"Darah memang lebih kental daripada air. Tapi, air pun bisa membersihkan darah yang mengerikan itu."
**
Daniel sedari tadi memperhatikan Lucas yang hanya memakan sedikit makanannya. Ia membawa Lucas makan di restoran cepat saji karena ini masih sangat pagi dan belum banyak restoran yang buka di dekat rumah sakit ini.
"Lucas kenapa? Makanannya kurang enak ya?" Tanyanya dengan lembut dan di balas gelengan oleh Lucas. Anak itu masih murung ternyata.
"Yah, Raga akan bangunkan? Dia tidak akan meninggalkan kita kan?" Lucas menatap ayah dengan raut sendunya.
"Doain saja ya Lu, semoga adikmu itu bisa cepat sadar dan bisa berkumpul lagi dengan kita."

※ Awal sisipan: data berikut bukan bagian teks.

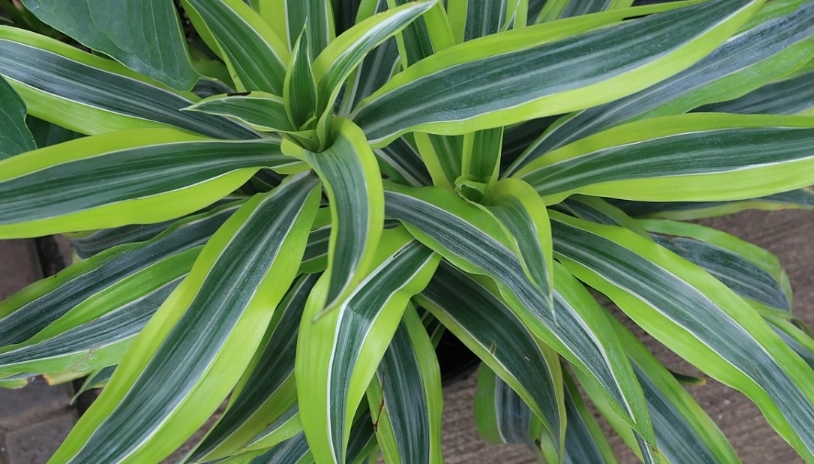 龍血樹修剪方法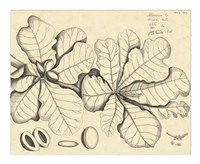 Vintage Leaf Study I Fine Art Print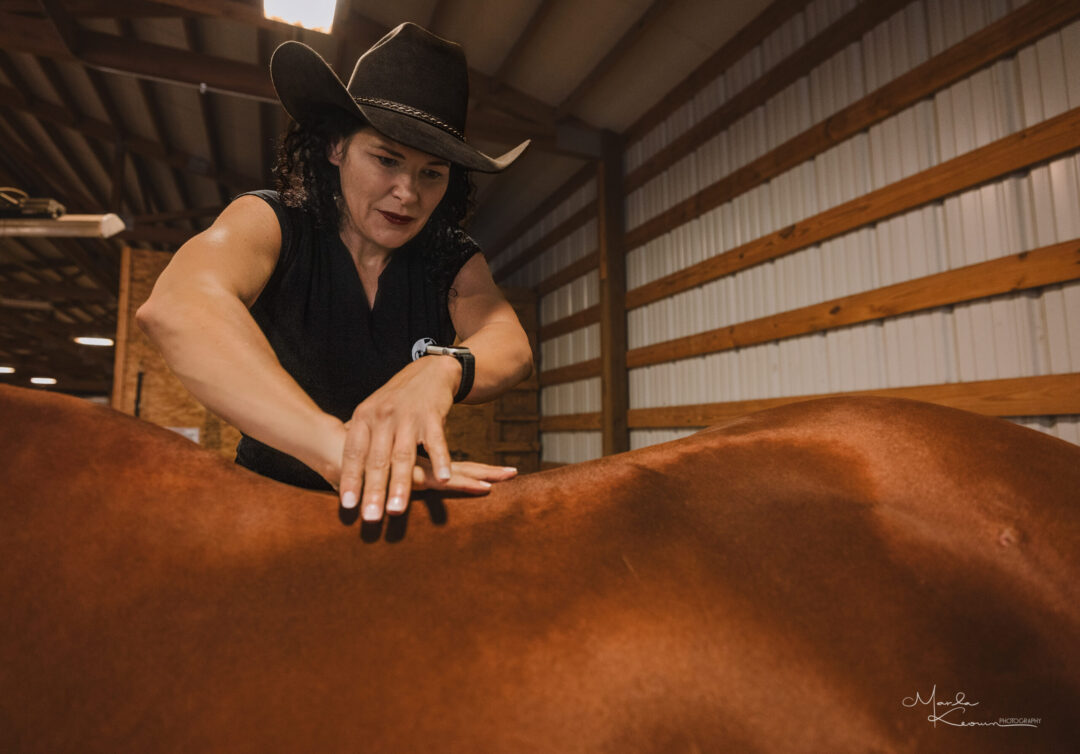 Horse Rehabilitation Exercises from the Ground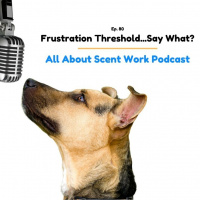 Frustration Threshold...Say What?!
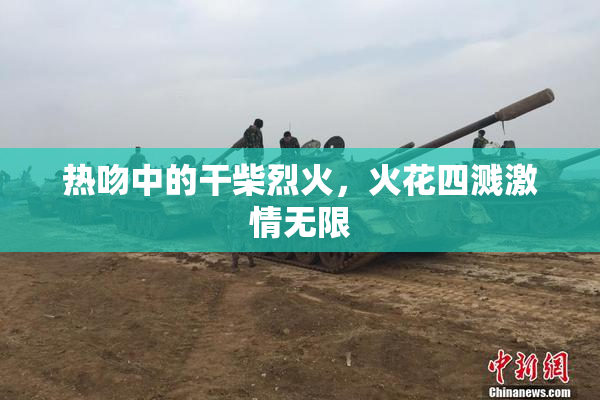 热吻中的干柴烈火，火花四溅激情无限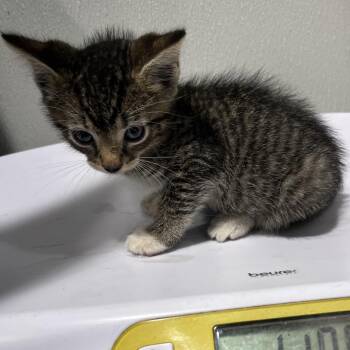 Elvis -  Domestic Short Hair Cat for Adoption in Tampa, Florida - Elvis | PetCurious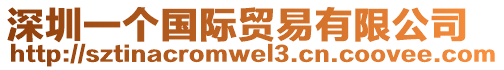 深圳一個(gè)國際貿(mào)易有限公司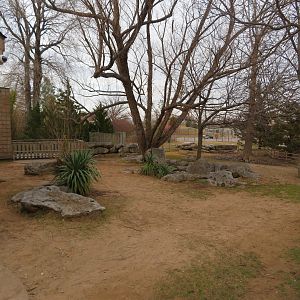Aldabra Tortoise Yard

Ucapan ayah kembali membuat Lucas menunduk. Ia sangat takut jika adik kecilnya itu kembali meninggalkannya lagi seperti saat itu.

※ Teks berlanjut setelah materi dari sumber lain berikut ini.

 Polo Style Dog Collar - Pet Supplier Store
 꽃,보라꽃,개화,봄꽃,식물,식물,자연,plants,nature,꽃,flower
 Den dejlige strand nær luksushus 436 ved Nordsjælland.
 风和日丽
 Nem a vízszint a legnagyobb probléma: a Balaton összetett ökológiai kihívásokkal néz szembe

Kemarin, saat Lucas baru saja menyelesaikan jam mata kuliahnya, papa menghubunginya dan menyuruhnya untuk segera kerumah sakit. Berita tentang kecelakaannya raga berhasil meremukkan hatinya.
Ia menangis meraung di depan ICU yang hanya ada ayah disana. Ayah, pun hanya mampu memeluknya, menenangkannya walaupun raut wajah ayah tidak bisa membohonginya.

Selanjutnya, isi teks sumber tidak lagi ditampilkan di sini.